著者
伊藤 喜雄 平泉 光一 加瀬 良明 小澤 健二 青柳 斉 伊藤 忠雄
出版者
新潟大学
雑誌
基盤研究(A)
巻号頁・発行日
1996

米主産地の現地調査及び流通業者からの情報提供により、新食糧法下の米流通の規制緩和は、従来の自由米市場ですでに発生していた産地間競争に加えて、卸・小売等の業者間競争を本格的かつ全国的に展開させていることが分かった。具体的には、以下の点である。1.新潟県や北陸3県、島根県などコシヒカリ品種に代表される良食味米の主産地や、大都市近郊産地の千葉・兵庫・滋賀県などでは、生産者及び農協レベルで計画外流通の販売対応が拡大しつつある。そこでは、生産者グループ・法人組織や農協において、栽培協定や品質管理、販売促進の強化など多様な産地マーケティングが展開している。

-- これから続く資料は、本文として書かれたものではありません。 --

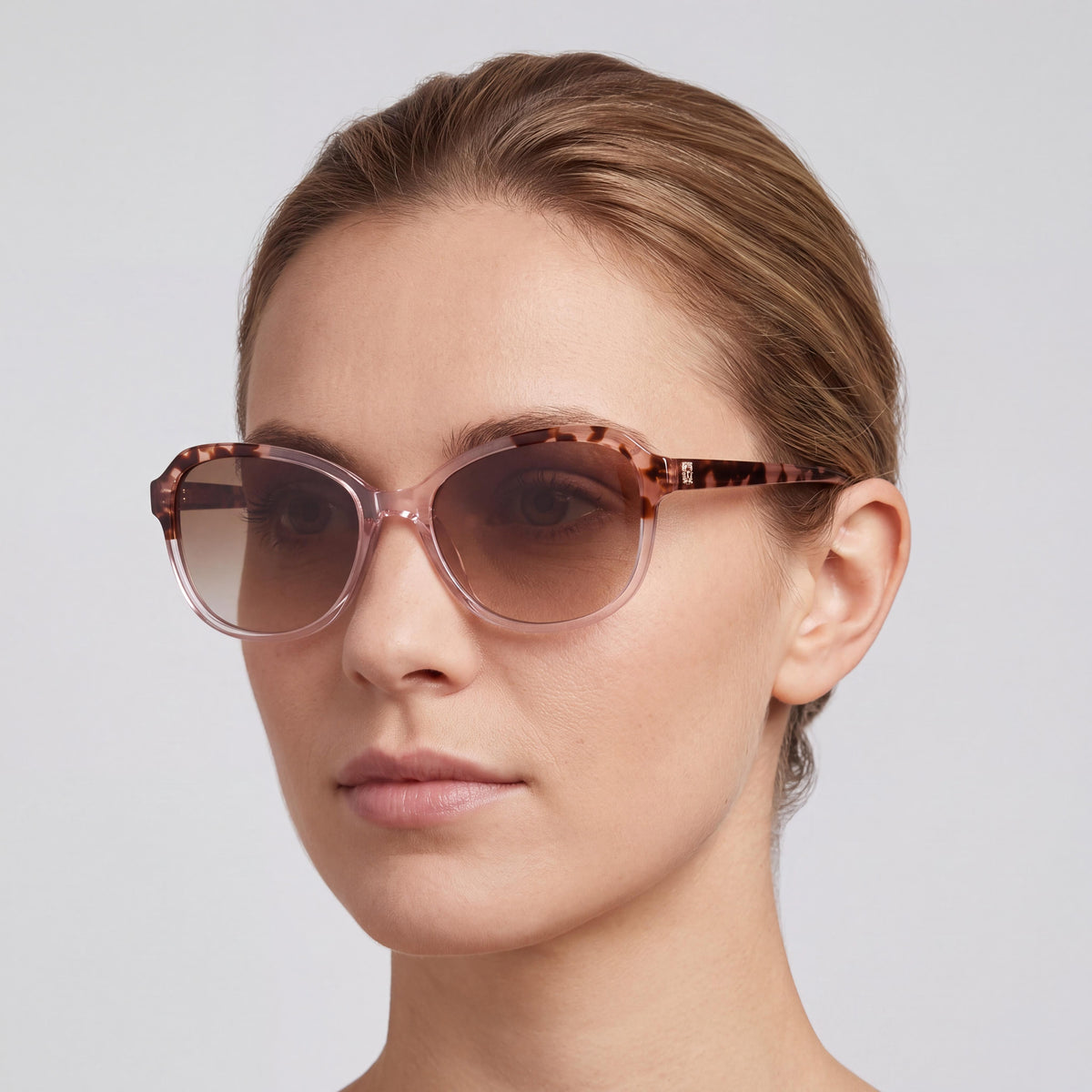 Gafas de sol Anne Klein Ak7078 para mujer, montura de plástico con cristales en tono rubor, lentes con protección UV y degradado marrón, 55mm, Photo 5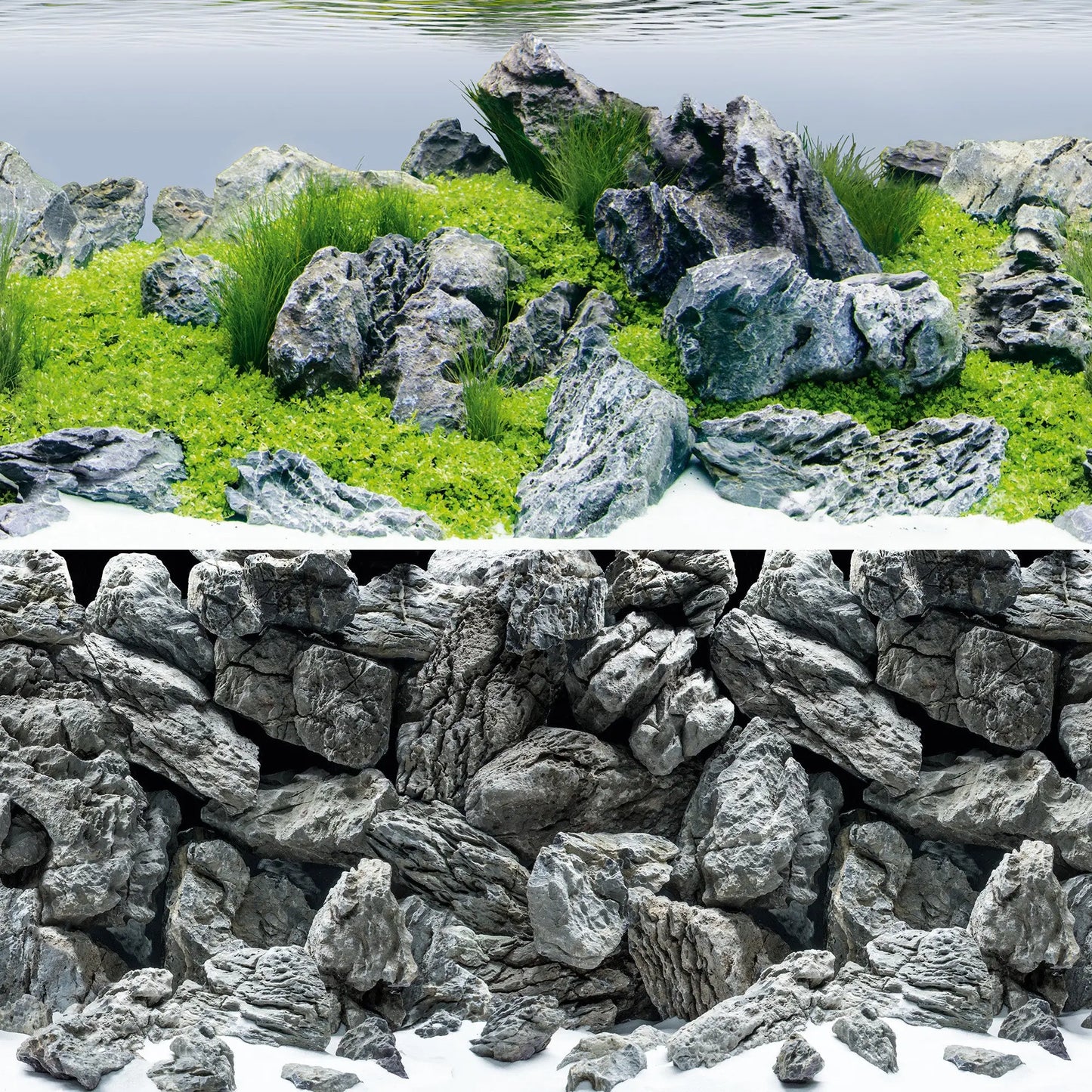 Juwel Poster 4 XL extra-large double-sided aquarium background with realistic rock wall and bright blue aquatic design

2.スーパーや米卸業者、米小売専門店等の中には、上述の主産地と直接的な取引関係を結ぶ業者も多数登場している。その結果、産地ブランドの地域的細分化が進み、産地間及び流通業者間で競争が激しくなっている。特に、過剰下の買い手市場の中で、大手スーパーの産地掌握が強まっており、農協の米マーケティングの展開に大きな影響を与えている。3.北海道や東北、熊本・佐賀県などの非良食味米産地では、米需給関係の過剰基調のもとで、生産者及び農協の当初の自主販売の動きは止まり、計画流通による連合会での統一販売対応に回帰しつつある。そこでは、米流通再編の担い手である大手スーパー等に対して、経済連・全農の組織再編による系統米販売体制の強化が模索されている。4.米国や中国の海外ジャポニカ米主産地に関しては、産地レベルでの技術開発では食味よりも収量志向が強く、国産米と競合する現地のブランド米(良食味米)は量的には極めて少ない。そのため、品質面で日本との競争力は現在時点では小さいと言えそうだ。2年間の実態調査により,現下の米産業の競争構造に関して以上の点が明らかになった。